As a precaution, this article was removed after reference was made to it by the defence at the trial. I decided that although the judge took no action, I didn't want there to be be any possibility of a mistrial being caused by the blog, even though the jurors had been specifically enjoined not to look for details of the case on the Internet. It is now being restored in its original form.
For most of the day the victim fielded questions from Maestri's counsel, Pearce's counsel and the prosecution barrister. The defence lawyers attempted to undermine his credibility and pick holes in his story. The victim presented himself well and remained calm throughout in spite of the way he was treated by the defence.
It was again suggested that the victim was simply after money and that he was on the "compensation wagon". He replied that he was not, and that if he had wanted money he would have taken his case to a civil court and not a criminal court.
The defence pointed out that since leaving the School, the victim had attended a funeral at the Abbey and a party at the School for a history master who was retiring. It was suggested that someone who had experienced abuse at the School would not have returned for these events. The victim said that the funeral was that of a friend and that he had a high opinion of the retiring history master.
A great deal of attention was paid to the rooms in which the abuse took place and the victim was asked to describe them in detail. In his original statement he had told police that the playground was visible from one of the rooms. In court one of the defence lawyers asked him if the playing fields could be seen from the window. The victim pointed out that the playing fields were in Perivale, about one and a half miles away.
Pearce's lawyer made great attempts to stampede the victim into giving specific dates for the abuse. It was claimed that Pearce had moved office at some point and the lawyer's strategy was clearly to try to get the victim to specify the wrong room. He went too far in his attempts and at this point the judge put him in his place very firmly.
Pearce's lawyer pointed out that the victim was fourteen when some of the abuse took place and asked, "why didn't you stand up for yourself?" He said that the victim claimed to have been abused by Pearce seven or eight times and found it strange that he returned to his office if he knew what was going to do be done to him. The victim talked about the controlling culture of the School and explained that in those days the boys were trained to be obedient to authority. He said that the abuse had petered out when Pearce lost interest in him and presumably turned his attention elsewhere.

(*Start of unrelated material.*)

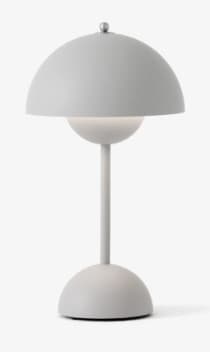 Flower Pot lampe, mat lysegrå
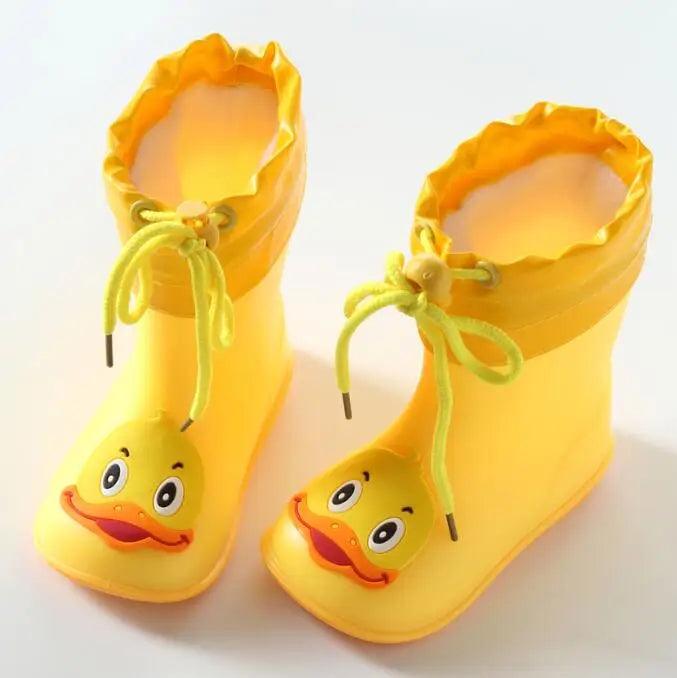 Children Rain Boots | Cartoon Animal Warm Liner | Toylandeu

Some of the issues raised on day two of the trial were revisited. There was further discussion of the interview with Fr Anthony Gee, and of this blog.
An email which the victim had sent to a friend was read in court, in it he described the abuse that he had been subjected to.
One of the defence lawyers asked if it was true that he had been in trouble with the police as the result of a fight with another boy on a bus while he was a pupil at the School. The victim admitted that it was true, said that he wasn't proud of it, that he had had to pay for damage to the other boy's clothes and that his own father had been very angry with him.
The next witness to be called was DC Christine Hobson who had carried out the recorded interview of the victim, which was shown to the jury on day two of the trial. She was asked about the interview and in particular she was questioned as to why it was so short (about one hour) and why the victim made claims in later statements that he did not make at the time. She said that this was the way that things were usually done, that it was an initial interview and that the victim could not be expected to remember everything. The purpose of the interview was to establish an outline of the allegations any to determine lines of questioning for later interviews.
The case resumes at 10.15 a.m. on Tuesday.